“Kerala’s public borrowing, the compensation payment on Goods and Services Tax (GST) and the Centre’s share in taxes all have been drastically reduced for the last quarters," announced Kerala Finance Minister Thomas Isaac at a press meet on Thursday, pointing out that these drastic cuts have pushed the state into a financial crisis.
As per the budgeted figures, Kerala should have received around Rs 10,000 crore of public borrowing in the last quarter. Instead, the state has received only Rs 1,900 crore. "The reason cited was that Kerala had over-borrowed in 2016-17,” Isaac said.
The reference is to the increase in public deposit in the treasury. He breaks it down: “The large part of the treasury deposit is nothing but the government department’s own treasury accounts. The second component is the provident fund and other payments of the employees themselves and salary arrears, and finally, there is a small component of public deposit, which are loans that we need to return at some point.”

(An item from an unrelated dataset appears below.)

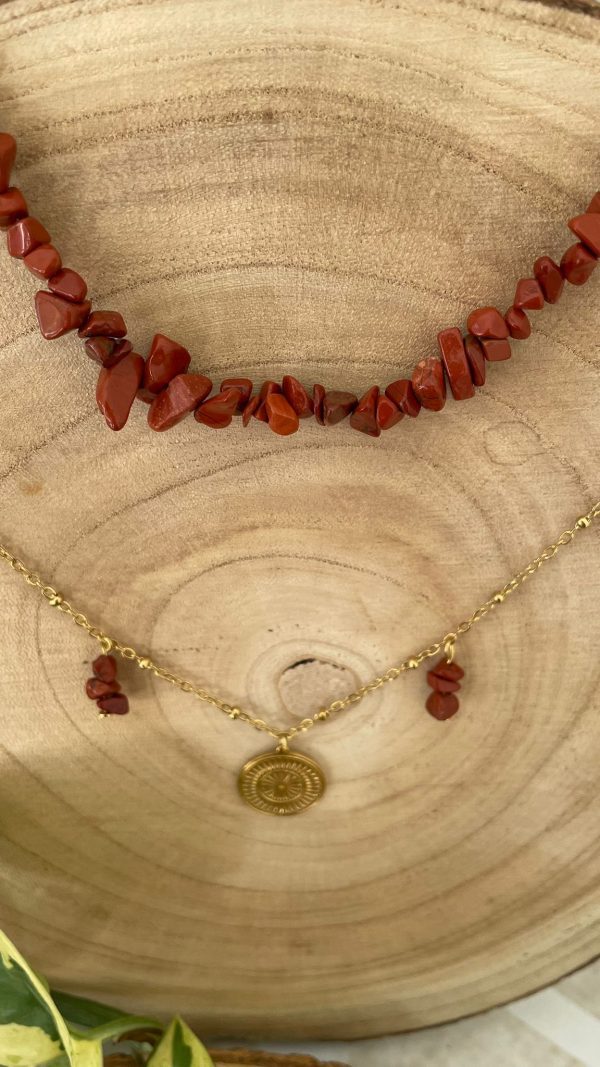 Collier longue chaîne doré et médaille – Image 8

According to the Finance Minister, never before has an increase in public account been identified as the reason to reduce public borrowing. “This kind of drastic reduction in the public borrowing leaves no hope for the government to make any adjustment, that too, particularly in a year when there was a serious erosion in the tax revenue as well as transferred taxes of the Centre,” he said.
States forced into expenditure cut
Isaac further noted that the tax share budgeted in the Union government’s budget itself in the last quarter would be around Rs 4,000 crore lesser, and Kerala has not received GST compensation. Hence, Kerala’s revenue would be lesser by around Rs 80,000 crore, Issac said.

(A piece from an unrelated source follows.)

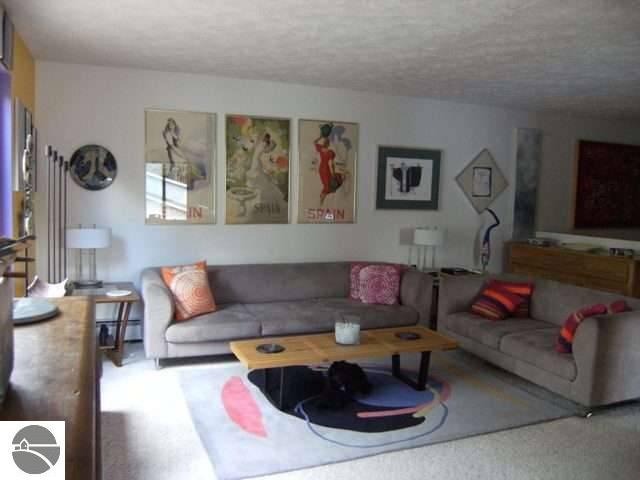 2724 Blue Ridge Lane Traverse City, MI 49684 - Photo 8 of 25 1733946-7.JPG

"How can a state government be thrust with a revenue loss like this. Don’t do this in the height of a slowdown, then you are forcing the government to cut down the expenditure,” he added.

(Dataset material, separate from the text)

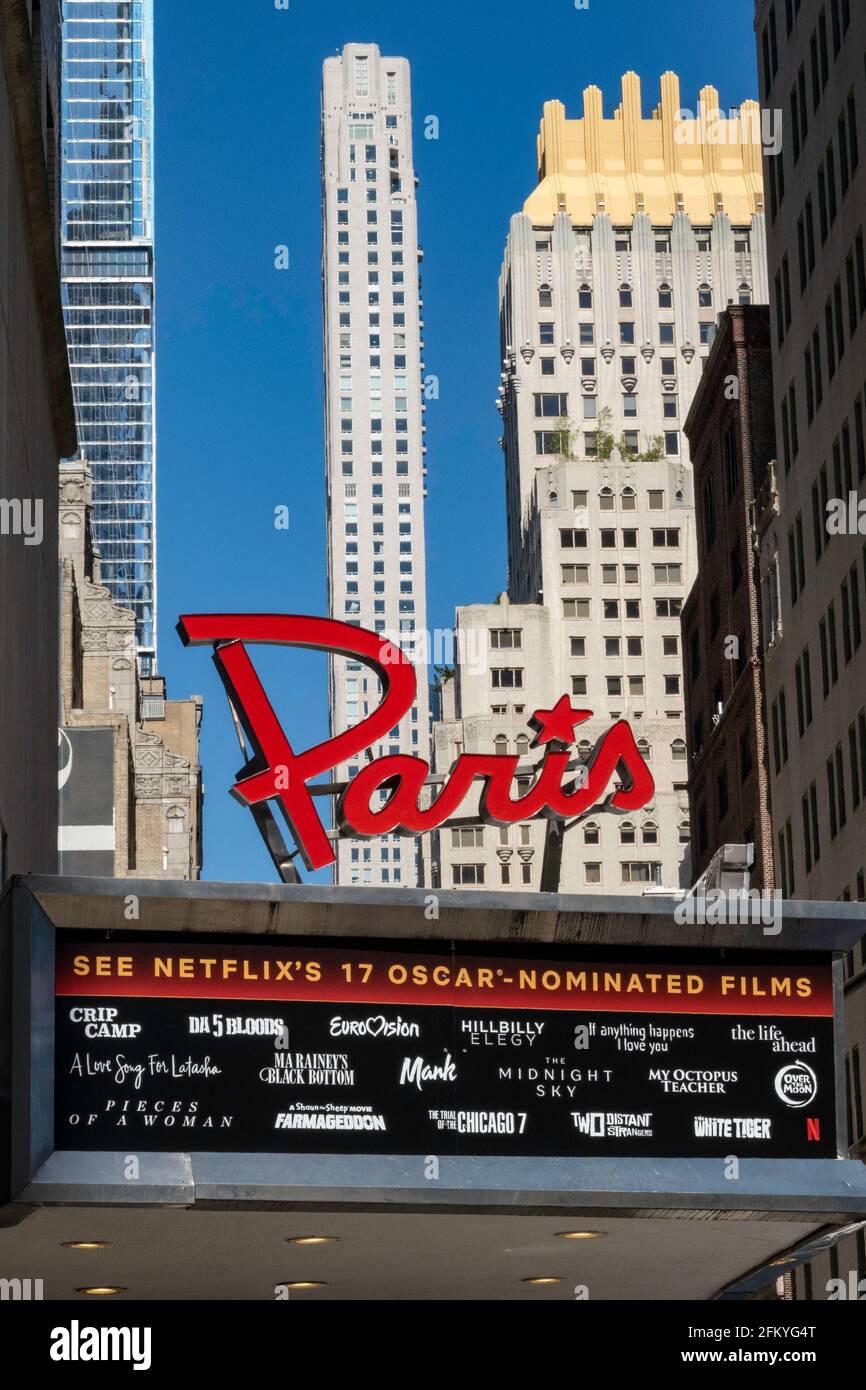 Paris Theatre Marquee a New York City, USA 2021 aprile Foto Stock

Isaac explained why reducing funds to states would, in turn, affect the economy. “When all state governments are forced to reduce expenditure because central transfers are getting reduced, their own revenues are reduced. That will be disastrous for the economy because the state governments spend more than 60% of the intergovernmental expenditure in India. And with public fund allocation reducing, Kerala has been pushed into a serious financial crisis,” he said.
The Centre has reduced the allocations for two centrally-sponsored schemes, viz. the Employment Guarantee Scheme and Paddy Procurement. Only the arrears are to be paid, which is more than Rs 2000 crore. He noted that this kind of situation has not occurred previously.
The state Finance Minister also highlighted Kerala's exclusion from the Centre's list of seven states that will receive a calamity fund of Rs 5,908 crore from the National Disaster Relief Fund (NDRF), despite repeated pleas for funds.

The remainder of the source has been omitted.